What needs to be done:
One line in the listing below contains "Purple Preppy Womens". Repeat that line and each line after it exactly, ending with the last one.

Stored data:

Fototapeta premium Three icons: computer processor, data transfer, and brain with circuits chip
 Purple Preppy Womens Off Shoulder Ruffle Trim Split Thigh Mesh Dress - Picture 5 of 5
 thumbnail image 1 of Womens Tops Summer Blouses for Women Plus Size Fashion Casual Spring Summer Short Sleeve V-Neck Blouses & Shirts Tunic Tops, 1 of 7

Task solution:
 Purple Preppy Womens Off Shoulder Ruffle Trim Split Thigh Mesh Dress - Picture 5 of 5
 thumbnail image 1 of Womens Tops Summer Blouses for Women Plus Size Fashion Casual Spring Summer Short Sleeve V-Neck Blouses & Shirts Tunic Tops, 1 of 7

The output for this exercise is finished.